Nozomi: I want to do [activity]!
Rin: You were kicked out of the school's [activity] club after three days.
Nozomi: You don't have to mention that!

  • In Clannad, both the Visual Novel and the Anime, Tomoya and Kyou try to teach Kotomi how to perform a proper tsukkomi. Sadly, the poor girl has boke written all over her face, and she regularly ends up on the receiving end of a tsukkomi immediately after attempting her own. At one point, she expresses the desire to become a great manzai performer. Both Nagisa and Ryou motivate her to work for her goal, but Kyou and Tomoya are quick to point out that all three of them are boke to the core.
  • In Fushigi Yuugi, Hot-Blooded Tasuki and his best friend Kouji go into these sometimes.
  • Maria in Sayonara Zetsubou Sensei once spent far too long time watching Boke and Tsukkomi and started slapping people who were looking dazy...on the first day after New Years Eve!!
  • When she returns from Japan in Kaleido Star, Sora gives Anna a set of manzai props (a Paper Fan of Doom and an idiot mask) as a souvenir. Anna then immediately tries to get Ken to play boke to her tsukkomi. Ken is not thrilled by the idea.
  • Very common in Mahou Sensei Negima, mostly due to lead girl Asuna's weaponized Paper Fan of Doom. Setsuna also seems to be able to convert her tanto weapon to a fan at will whenever she wants to Dope Slap someone (specifically Chao whenever she makes a Sarcastic Confession about her many affiliations).
    • And then there's Chisame, who wishes she could give everything the tsukkomi treatment so very, very badly.
      • Chisame takes on this role physically when dealing with Jack Rakan although most of the time it's usually a knee to the face instead of an actual fan (He could take a Nuke and probably not feel it).
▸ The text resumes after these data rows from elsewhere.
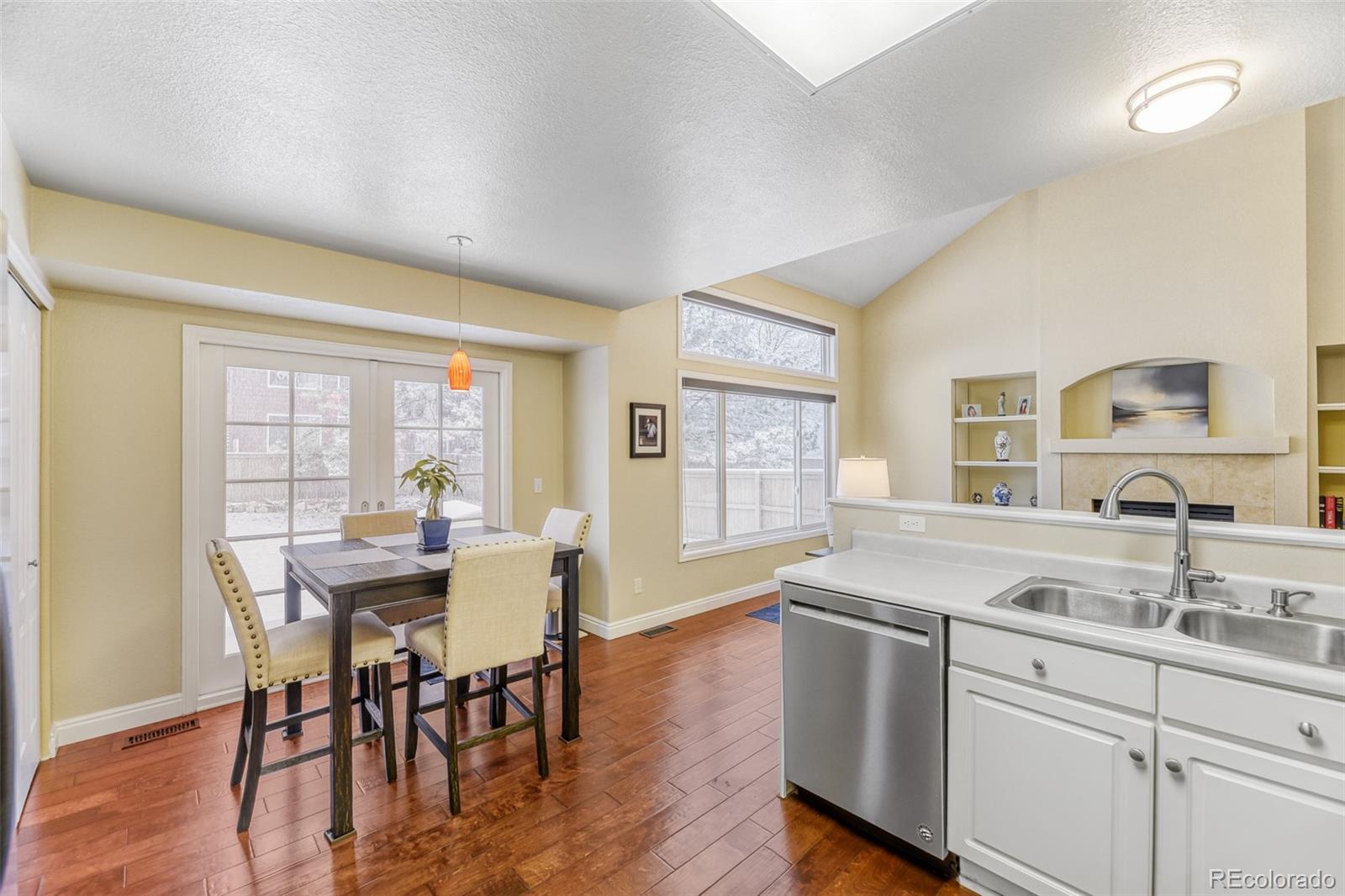 456 Bexley Lane Highlands Ranch, CO 80126 - Photo 12 of 28 a kitchen with a table chairs and wooden floor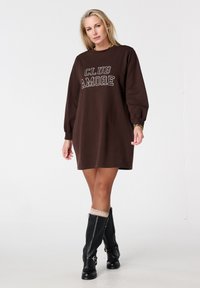 Bruine sweatshirtjurk met de tekst "CLUB AMORE" in het wit. Heeft lange mouwen en een losse pasvorm. Draagt bijpassende zwarte kniehoge laarzen.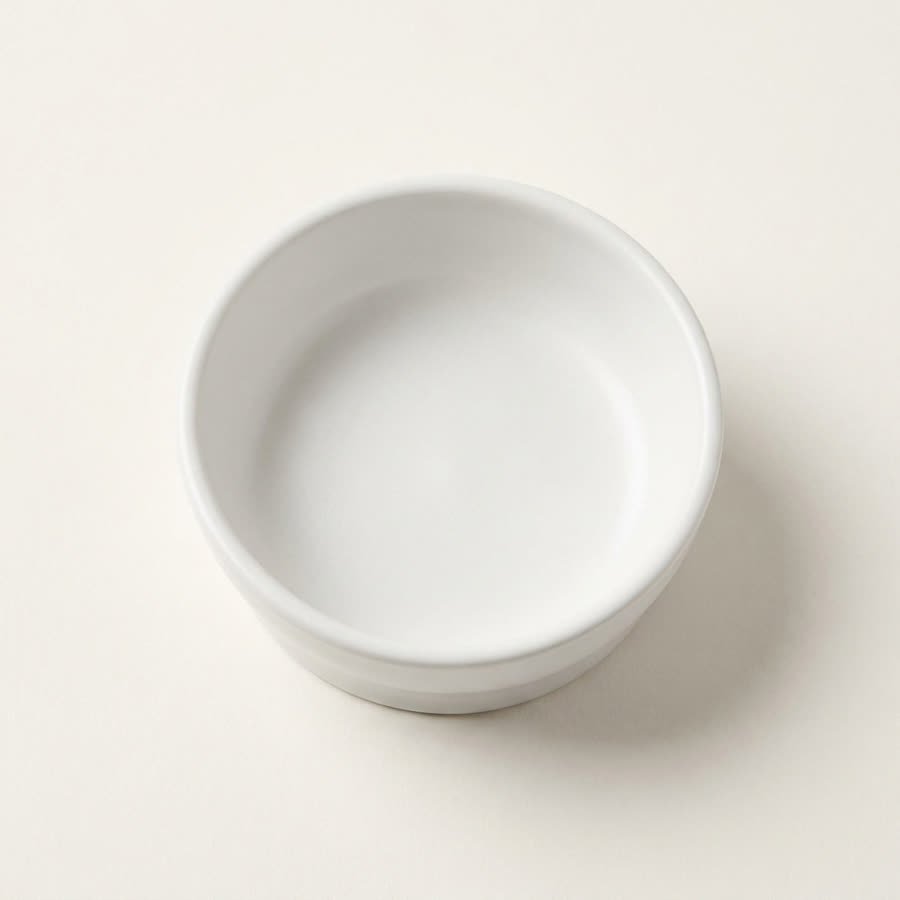 A single white prep bowl photographed from directly above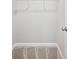 Walk-in closet with carpeted floors and wire shelving for efficient storage at 4905 Sterling Close, Buford, GA 30518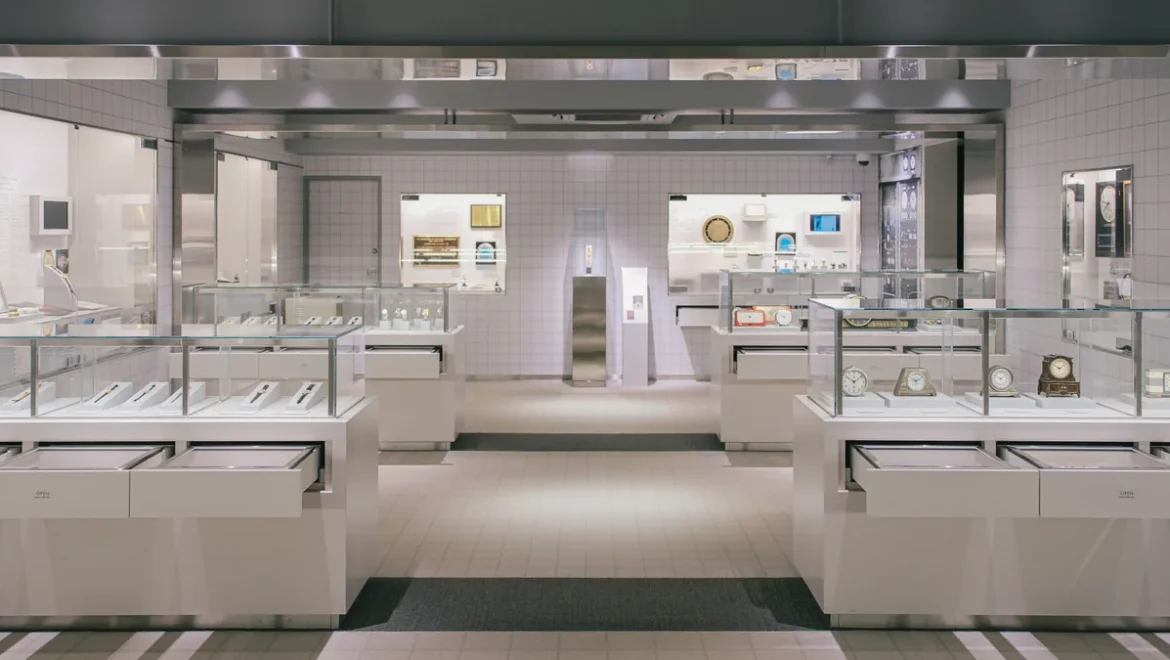 Vitrines en verre présentant des montres et des horloges, de part et d’autre d’une allée centrale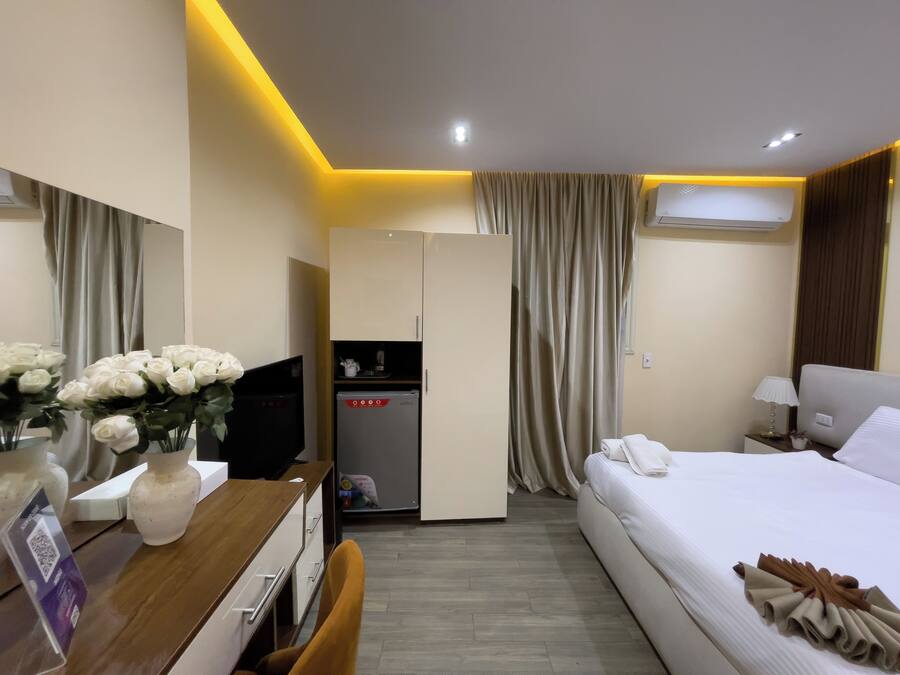Habitación de hotel con cama, escritorio con computadora, refrigerador y armario.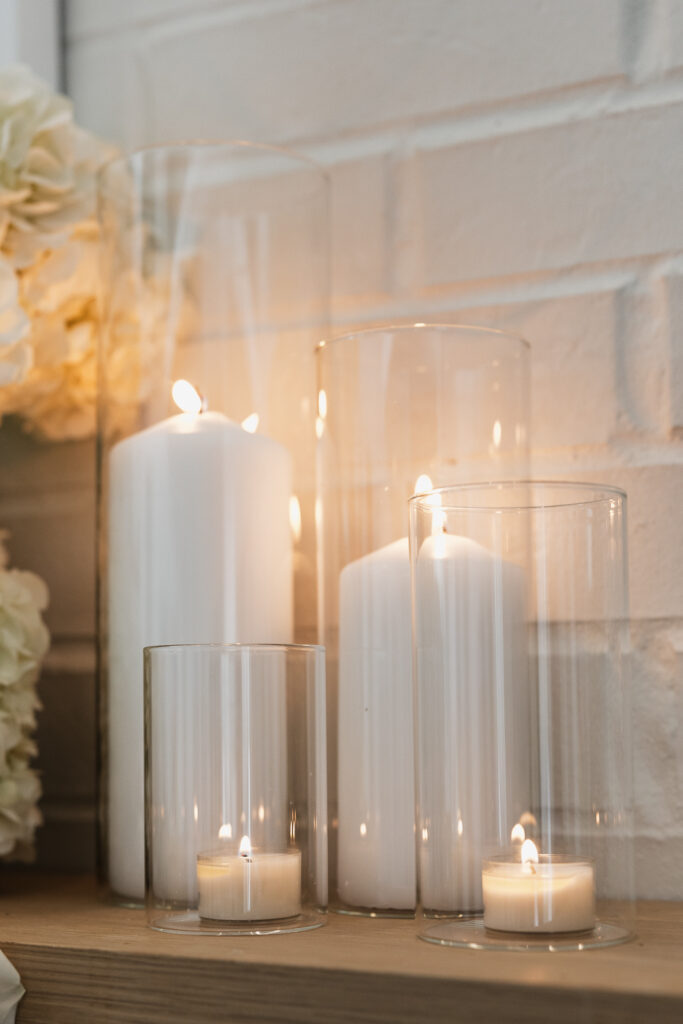 Simple, white flowers line the base of a white flower arch in a modern white aesthetic home for a wedding ceremony. Timeless indoor wedding in Dallas, captured with a refined, editorial approach by DFW documentary wedding photographer.
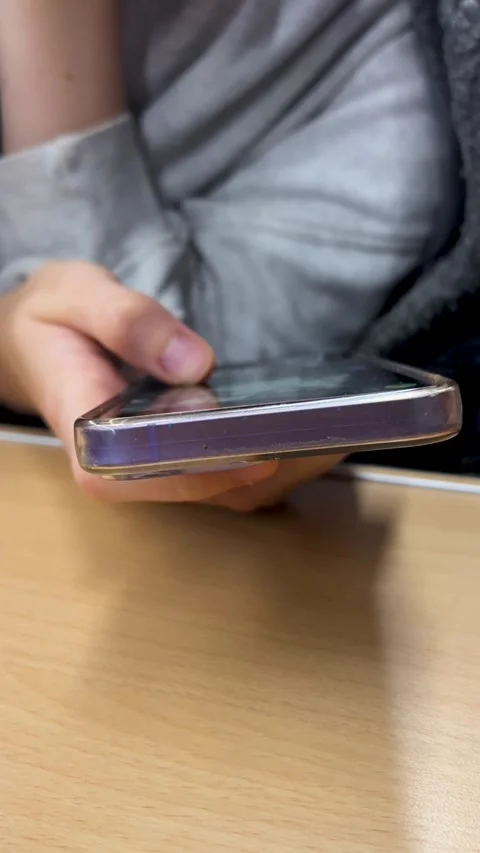 Holding a Smartphone While Sitting at a Table in a Casual Indoor Setting Stock Footage 296106425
They make (made) a very good team.
    • In Akamatsu's earlier work Love Hina, Mutsumi's...different way of thinking is based on the idiot half, with Naru or Keitaro providing the straight man's reaction.
  • In a season 1 episode of Sailor Moon, this was one of the acts for a talent show.
  • In Motto! Ojamajo Doremi, former SOS Trio member Sugiyama forms this act with straight-A student Ogura as rivals to the new Trio. Helped along by Aiko (who's from Osaka), Momoko finds them as stupidly hilarious as Hazuki does for the other team
  • In Love Roma, Hoshino's relationship with his girlfriend Negishi mainly consists of him saying or doing something stupid and her slapping him for it. In one scene he mentions their romance is like a boke and tsukkomi routine. She's about to agree, when he mentions he's the tsukkomi and she's the boke.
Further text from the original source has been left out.